Kedua, hati bermakna metafisis, yaitu tempat segala perasaan bathin dan sebagai tempat penyimpanan pengertian-pengertian dan berbagai perasaan (al-fuad/heart)
Ketiga, hati bermakna akal, memiliki daya pikir yang mengerti dan memahami sesuatu.
Tentang posisi akal dalam tubuh manusia terdapat perbedaan ulama’, pengikut Imam Syafi’i mengatakan bahwa akal itu adalah Qalbu itu sendiri, tempatnya tidak kasat mata hanya bisa dirasakan keberadaanya.
Sedangkan menurut Menurut Imam Abu Hanifah akal itu sama dengan otak.
Perbedaan ini tidak perlu diperbesar mengingat manusia memang diciptakan berbeda satu sama lain namun perbedaan tersebut tidak akan mengalangi kita untuk bersatu karena bersatu tidak harus sama.
Hari ini saya didatangi tamu yang sudah berusia kurang lebih 95 tahun, beliau hidup di masa penjajahan jepang yang beliau sebut dengan istilah “jaman nippon”. Bicaranya ceplas ceplos apa adanya tidak ada yang beliau tutup-tutupi namun kesan yang saya tangkap, apa yang beliau bicarakan keluar dari hatinya sehingga saya senang mendengarnya sampai tak terasa tiga jam berincang-bincang bersamanya.
Sangat berbeda sekali ketika mendengar ucapan orang yang syarat dengan kepentingan (ada udang di balik batu), walau kata-katanya tertata rapi sesuai dengan ejaan yang disempurnakan namun karena tidak didasari ketulusan dari hati yang paling dalam, sangat membosankan dan justru mengundang seribu tanda tanya.
Syaikh Ibn ‘Athaillah as-Sakandari secara khusus mengulas peran hati upaya-upaya membersihkannya dari perilaku buruk dan menghiasinya dengan akhlak-akhlak indah.
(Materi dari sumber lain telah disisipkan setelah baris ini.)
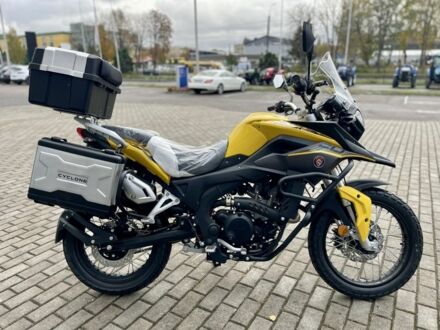 Зонгшен Інша, об'ємом двигуна 0.25 л та пробігом 0 тис. км за 3130 $, фото 1 на Automoto.ua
Seperti yang termaktub dalam kata mutiaranya :
تَشَوُّفُكَ إِلَى مَا بَطَنَ فِيكَ مِنَ الْعُيُوبِ خَيْرٌ مِنْ تَشَوُّفِكَ إِلَى مَا حُجِبَ عَنْكَ مِنَ الْغُيُوبِ.
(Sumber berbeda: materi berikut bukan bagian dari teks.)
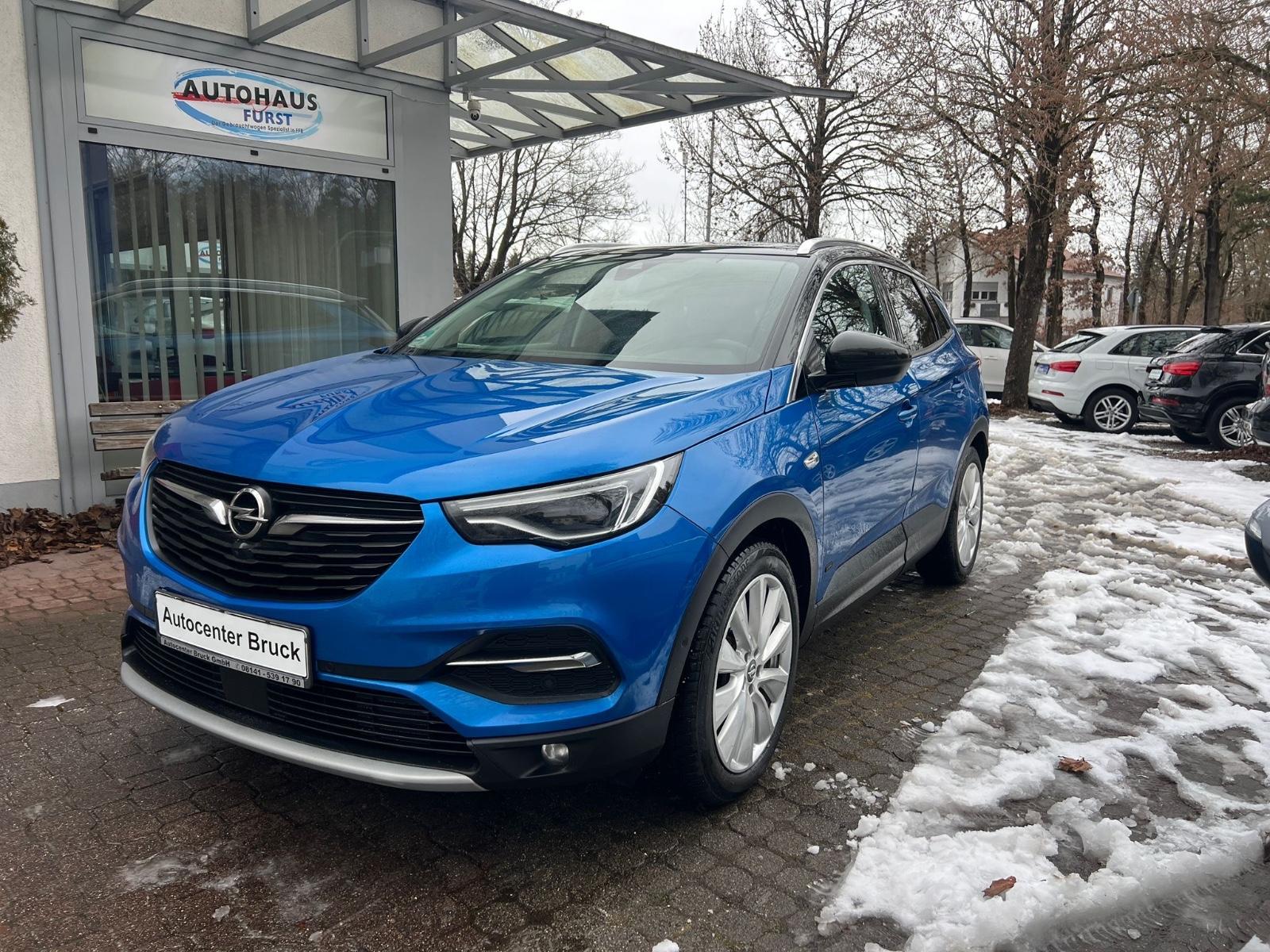 Opel Grandland X Ultim/ Plug-in-Hybrid Auto.Leder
“Perhatianmu pada berbagai kekurangan yang samar tersembuyi di hatimu lebih baik daripada perhatianmu pada hal-hal gaib (kekeramatan) yang terhalangi darimu.”
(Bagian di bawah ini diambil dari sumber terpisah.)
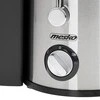 Sulčiaspaudė Mesko | Juicer | MS 4126b | Type Juicer maker | Nerūdijantis plienas | 600 W | Greičių skaičius 3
Syaikh Abdul Majid as-Syarnubi (w. 1348 H/1929 M), ulama bermazhab Maliki yang juga menguasai berbagai disiplin ilmu asal Syarnub, wilayah Bahira Mesir, dalamSyarh al-Hikam al-‘Athaiyyah (42-43) menjelaskan, maksud dawuh Syaikh Ibn ‘Athaillah tersebut adalah perhatian manusia dengan mata hatinya terhadap berbagai kekurangan dan penyakit hati, seperti sombong, dendam, bangga diri, pamer, senang dengan popularitas, suka menjilat orang lain (mencari sanjungan), cinta kepemimpingan dan pangkat derajat dan semisalnya yang tersimpan rapat di hatinya, sehingga ketertarikan, minat dan tekad bulat hatinya adalah berupaya menghilangkannya dengan riyadhah dan mujahadah (laku batin) di bawah bimbingan guru yang ‘arif billah (makrifat), lebih baik daripada perhatiannya terhadap rahasia-rahasia ilahi dan berbagai karamah (kekeramatan).
Masihkan perhatian kita terus tertuju kepada perawatan fisik ? Padahal keelokan wajah dan kemolekan tubuh tak akan bertahan lama akan lapuk dimakan usia.
“HATI MEMILIKI NALARNYA SENDIRI, SEDANGKAN NALAR TAK MEMILIKI HATI”.